>   >  Houdini Cook Book:Vol.94 Build Material
Vol.94 Build Material

Vol.94 Build Material

Materialをゼロから作成します。

TEXT_秋元純一 / Junichi Akimoto(トランジスタ・スタジオ/ディレクター)
日本でも指折りのHoudini アーティスト。
手がけてきた作品は数々の賞を受賞している。
代表作に、HIDETAKE TAKAYAMA『Express feat. Silla(mum)』など。
www.transistorstudio.co.jp
blog.junichiakimoto.com


EDIT_小村仁美 / Hitomi Komura(CGWORLD)

MaterialとMantraで実現するプロシージャルシェーディング

前回の連載では、Mantraを中心に解説しました。今回は、Materialの視点から掘り下げていきたいと思います。Mantraの素晴らしいところは、Materialと密接に関わっていて、そのMaterialが非常に汎用性が高いと言う点です。
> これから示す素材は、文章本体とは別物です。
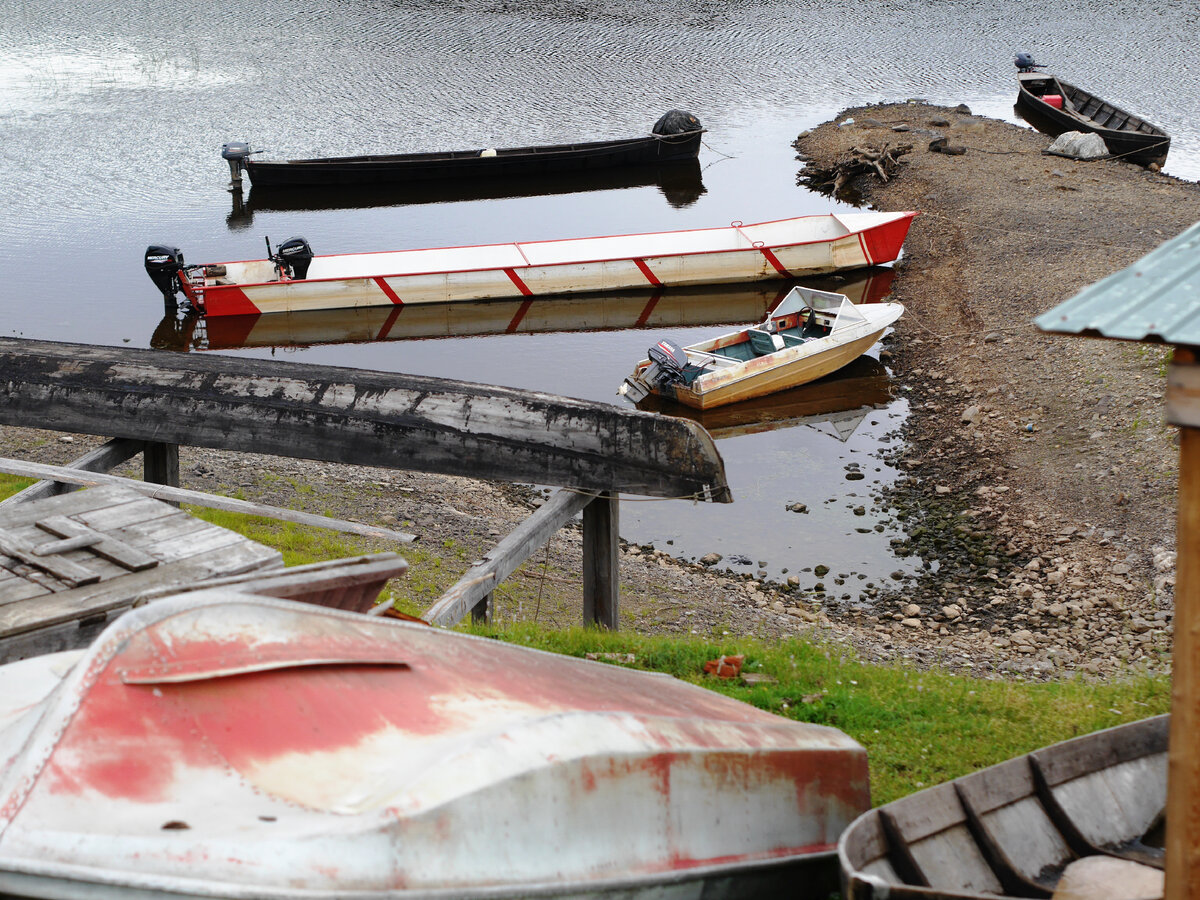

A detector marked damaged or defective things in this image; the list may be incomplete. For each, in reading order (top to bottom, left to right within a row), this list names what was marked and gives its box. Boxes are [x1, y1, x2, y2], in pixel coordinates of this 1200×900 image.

rusty metal surface [1032, 219, 1200, 345]
rusty metal surface [0, 595, 868, 897]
近年ではサードパーティ製品の台頭により、Mantraの存在意義が薄れつつあります。速さが重視される風潮の中、レンダリング速度が非常に速いサードパーティ製のレンダラに比べると、Mantraはのんびりしたところがあるのは事実です。ただ、シチュエーションによってはMantraも捨てたものではなく、Materialの構築によりテクスチャワークのいらない完全にプロシージャルな質感をつけることが可能になります。

これは、そもそもUVすらも必要としないようなオートマティックなシェーディングフローを組み上げられることを意味し、それはすなわち生産性の大幅な向上につながります。今回は、そのようなプロシージャルなシェーディングをゼロから組み上げて、MantraとMaterialの優れた機能を理解していきたいと考えています。

今回のHoudiniプロジェクトデータはこちら

01 Setup

全体のセットアップを解説します。

まず、全体のセットアップを開始します。Materialをビルドするために、最終的にレンダリングしたいものを準備します。Material Network【A】を作成し、この中にMaterialを作成していきます。デフォルトで用意してあるMaterial Networkでも問題ありません。Light【B】とCamera【C】を準備します。次に、ブランクなObject【D】を作成しレイアウトをします。プロシージャルなシェーディングをするためには、まず、世界の大きさがはっきりわかっていた方が良いので、最初にレイアウトをとっておきます。ここのネットワークには映っていませんが、Materialを詰める際に、あまり複雑で重たいジオメトリで作成すると時間の無駄になってしまいますので、テスト用のジオメトリを準備して切り替えながら作業すると効率が上がります。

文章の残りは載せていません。